Dans Par le fil je t’ai cousue, Fawzia Zouari prend la plume pour nous raconter son enfance tunisienne. Nous sommes dans les années 60, les traditions sont tenaces et le chemin semble tout tracé pour les filles. Dans cette société patriarcale, la narratrice peine à trouver sa place et souffre de solitude. Elle observe attentivement les membres de sa famille et les gens de son village, porte un regard éclairé sur les mutations qui commencent à transformer son pays et comprend que son salut viendra de son instruction. Elle veut apprendre, ne pas ressembler à ses sœurs aînées et devenir une femme libre. Étonnamment, c’est son père qui sera à l’origine de son émancipation…

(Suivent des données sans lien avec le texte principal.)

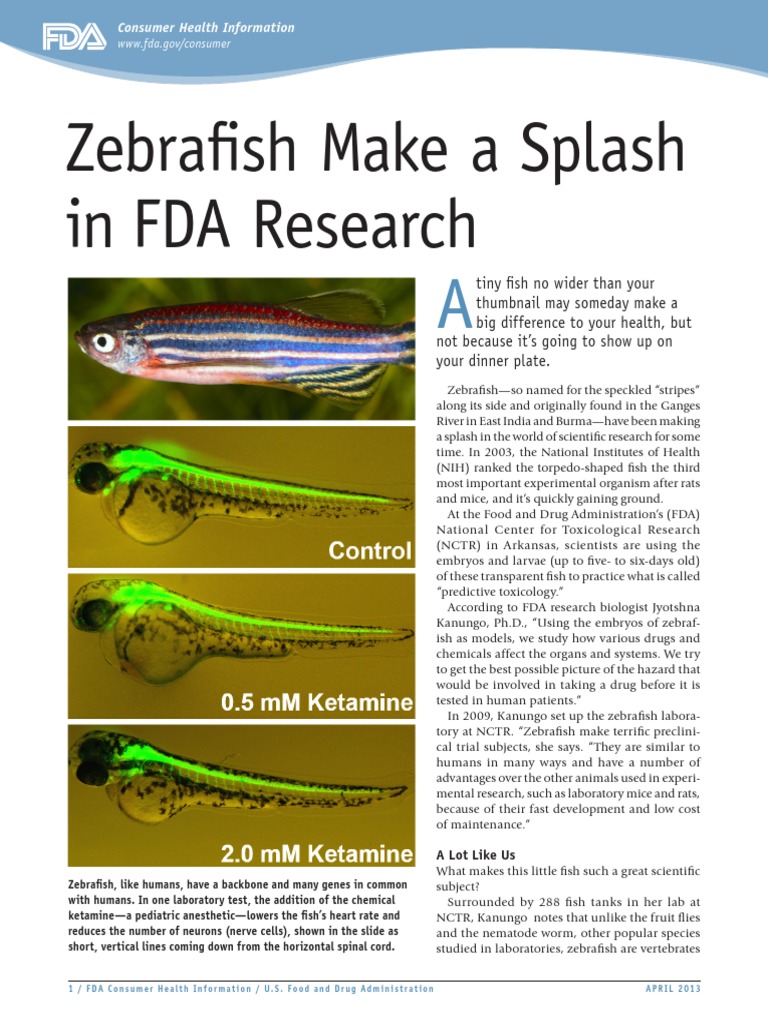 Zebrafish 0413 PDF Food And Drug Administration Fish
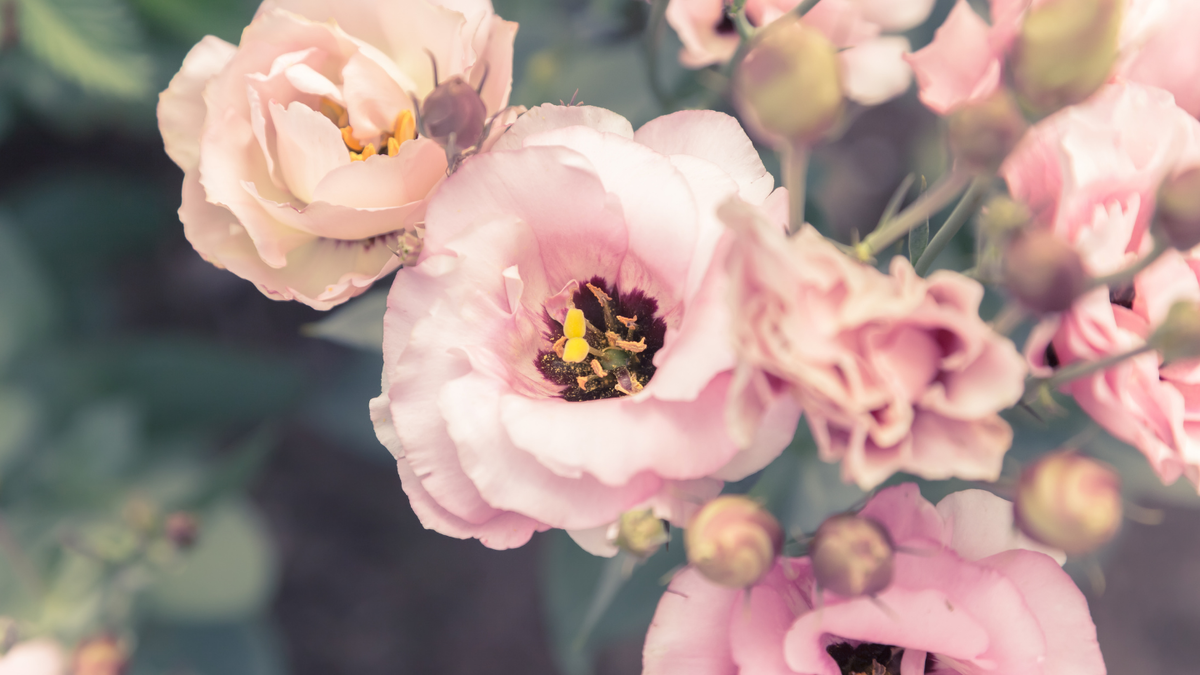 Эустома разных цветов: смотрите галерею!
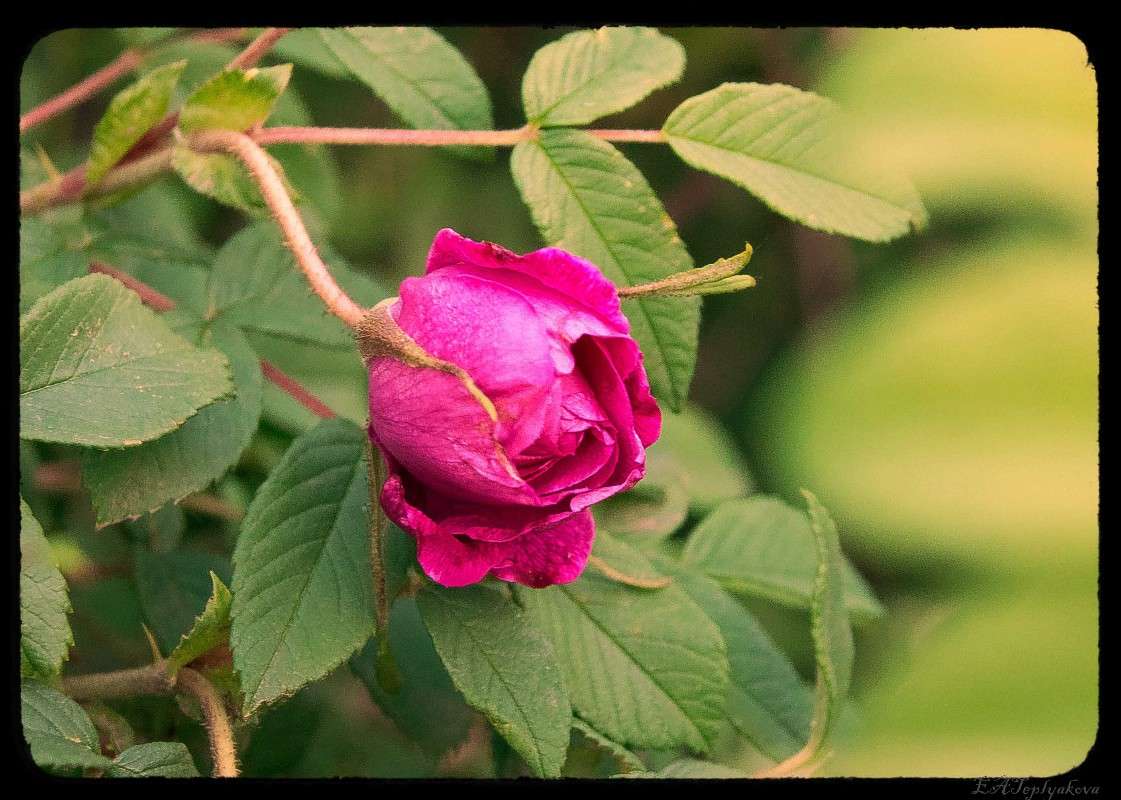 Цветок шиповника / Цветок шиповника / Фотография на PhotoGeek.ru
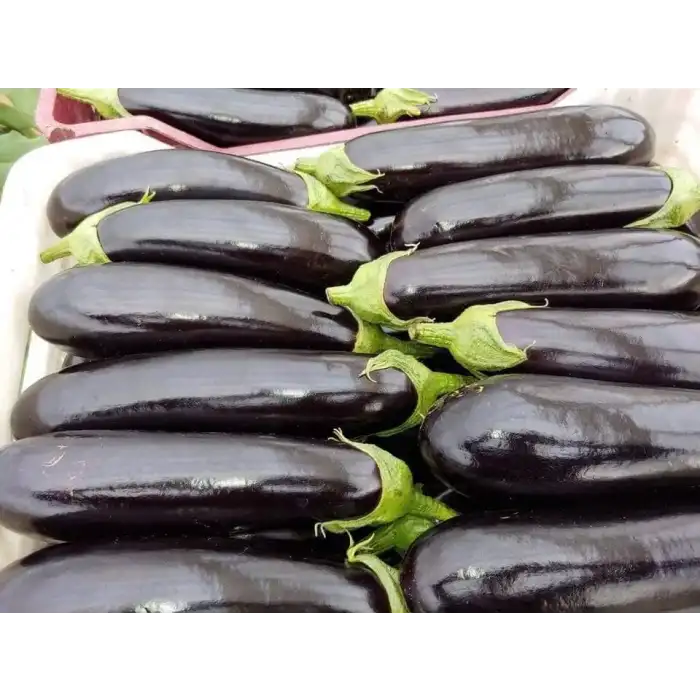 Aşılı Alparslan F1 Patlıcan Fidesi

Le récit autobiographique de Fawzia Zouari raconte avant toute chose la constitution d’une identité. Identité multiple, complexe, à la croisée de plusieurs sphères, la famille et la société, la tradition et la modernité, la soumission et l’affranchissement. Les détails sont nombreux, les situations vécues abondantes, ce qui fait que le lecteur est réellement plongé dans une époque, un lieu et un mode de vie dont il découvre peu à peu l’ensemble des rouages. Fawzia Zouari parvient à recréer l’atmosphère de son enfance et à rendre palpables les émotions. C’est une œuvre très riche et à l’écriture contrastée, une écriture qui dit les choses de manière brute et qui est ponctuée en même temps d’élans lyriques. Il manque pourtant quelque chose à ce récit, que j’ai d’ailleurs du mal à expliquer ou à nommer, un souffle peut-être, une limpidité, voire une linéarité, une réserve que j’attribue à quelques longueurs et à l’alternance entre des passages poignants et d’autres plus obscurs et, il faut le dire, moins intéressants.

 

 

L’œuvre en quelques mots…

 

« Je me reprends à penser que nos enfances se détachent de nous comme se détachent les glaciers. L’enfant que nos fûmes s’en va. Mais se retourne souvent. C’est alors que son regard brouille les contours de nos existences, et nous ne savons plus qui, de l’adulte d’aujourd’hui ou de l’enfant d’hier, appartient à la réalité. » (p.19)

 

« Je grandissais seule. Dieu était là, mais Il était affairé ailleurs. Les adultes étaient présents, mais ils s’occupaient des affaires de Dieu. La nature m’entourait, me traversait, m’impressionnait, mais elle ne m’enlevait pas le sentiment d’être sans compagnie. Si bien que je pense parfois l’enfance comme une solitude avant tout. Un territoire de confinement situé au milieu de l’indifférence adulte. » (p.109)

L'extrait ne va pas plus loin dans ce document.